A traditional fermented milk drink, kefir traces its roots back to the northern Caucasus Mountains. Fermentation is carried out using the kefir grain, which is actually a symbiotic union of bacteria and yeast. Farmers would typically hang a fermenting bladder of kefir in the doorway of a home, where it would be jostled repeatedly as people walked through, assuring a good mixture. The short fermentation period also assures a low alcohol content for kefir of 0.2 to 1% ABV. Yogurt-like in appearance, kefir can be found in some health food stores, which market kefir for its probiotic bacteria content.
2. Hard Cider
Fermented from apples, hard cider is starting to capture a portion of the beer market in the U.S. in part because of the gluten-free craze. While standard ABV for cider runs about 3-5%, some fortified brands of ice cider can top 13%. Distilled cider is known as Applejack. Made since colonial times, cider production in the U.S. tripled from 2011 to 2013, from 9.4 million to 32 million gallons. A 2012 Nielsen report found that cider should continue to see a rise in popularity as a beverage of choice for young, affluent millennials. In some cities, such as Portland, Ore., a number of cider bars have sprung up in trendy neighborhoods, much the way brewpubs once sprouted.

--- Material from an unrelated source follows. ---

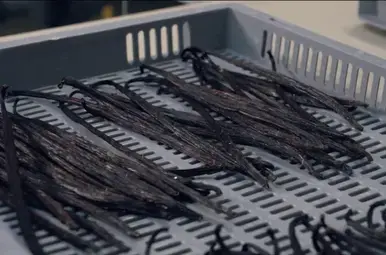 Vanillepeul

The legendary drink of the gods, mead is fermented from honey. Mead can be stout stuff, with an ABV from 8% to 20%. Fermentation of mead dates back to antiquity, with records tracing its use to at least 7000 B.C. Although mead has enjoyed a small renaissance since the 1978 deregulation, this growth has been stalled as of late due to problems at the source: beekeepers have lost an average of 30% of their hives each winter over the past few years to a mysterious disease targeting bees.